Supplied records =>
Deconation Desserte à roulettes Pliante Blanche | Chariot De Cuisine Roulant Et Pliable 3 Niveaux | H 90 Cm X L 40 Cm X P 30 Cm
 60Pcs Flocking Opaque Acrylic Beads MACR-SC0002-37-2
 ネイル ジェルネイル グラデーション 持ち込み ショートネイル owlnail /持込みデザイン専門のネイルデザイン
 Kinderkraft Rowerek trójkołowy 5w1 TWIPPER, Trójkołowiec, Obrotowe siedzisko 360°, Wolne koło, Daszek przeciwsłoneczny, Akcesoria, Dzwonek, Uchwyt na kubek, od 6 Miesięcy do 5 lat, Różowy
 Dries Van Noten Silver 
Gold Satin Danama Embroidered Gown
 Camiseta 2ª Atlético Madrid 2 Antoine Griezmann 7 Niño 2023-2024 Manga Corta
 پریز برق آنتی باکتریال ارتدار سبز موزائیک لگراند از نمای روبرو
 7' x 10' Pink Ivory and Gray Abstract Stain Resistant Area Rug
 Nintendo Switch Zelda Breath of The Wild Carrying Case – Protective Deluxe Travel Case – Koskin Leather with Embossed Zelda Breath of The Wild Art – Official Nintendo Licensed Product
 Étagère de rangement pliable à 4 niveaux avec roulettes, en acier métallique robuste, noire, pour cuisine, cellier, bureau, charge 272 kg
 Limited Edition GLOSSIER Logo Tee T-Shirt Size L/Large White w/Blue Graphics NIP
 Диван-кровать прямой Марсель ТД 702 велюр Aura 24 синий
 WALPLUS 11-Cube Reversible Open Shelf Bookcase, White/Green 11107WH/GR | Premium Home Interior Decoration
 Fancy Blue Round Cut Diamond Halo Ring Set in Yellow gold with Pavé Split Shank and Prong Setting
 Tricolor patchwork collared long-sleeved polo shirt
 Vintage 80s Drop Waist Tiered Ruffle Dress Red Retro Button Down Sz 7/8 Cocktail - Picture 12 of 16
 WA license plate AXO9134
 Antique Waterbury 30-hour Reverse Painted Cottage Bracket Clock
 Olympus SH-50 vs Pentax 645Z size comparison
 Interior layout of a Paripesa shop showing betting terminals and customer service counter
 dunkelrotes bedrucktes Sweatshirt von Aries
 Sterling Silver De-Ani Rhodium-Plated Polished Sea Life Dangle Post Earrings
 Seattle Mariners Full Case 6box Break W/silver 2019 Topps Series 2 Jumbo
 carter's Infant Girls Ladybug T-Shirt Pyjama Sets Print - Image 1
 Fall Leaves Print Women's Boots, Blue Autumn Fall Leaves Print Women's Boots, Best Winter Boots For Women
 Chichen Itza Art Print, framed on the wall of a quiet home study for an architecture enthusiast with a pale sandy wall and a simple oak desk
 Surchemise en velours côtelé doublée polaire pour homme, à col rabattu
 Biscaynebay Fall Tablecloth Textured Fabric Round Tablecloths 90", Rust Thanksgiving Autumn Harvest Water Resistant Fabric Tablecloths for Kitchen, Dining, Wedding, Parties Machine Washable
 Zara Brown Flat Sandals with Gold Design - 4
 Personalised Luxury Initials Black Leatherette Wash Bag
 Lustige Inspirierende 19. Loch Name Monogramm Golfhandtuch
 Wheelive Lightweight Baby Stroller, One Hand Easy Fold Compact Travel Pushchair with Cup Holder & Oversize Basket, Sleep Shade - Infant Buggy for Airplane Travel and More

Exercise aim => Which lines in the material contain the word "Interior"? Pull each of them out.

Solution to this problem =>
 WALPLUS 11-Cube Reversible Open Shelf Bookcase, White/Green 11107WH/GR | Premium Home Interior Decoration
 Interior layout of a Paripesa shop showing betting terminals and customer service counter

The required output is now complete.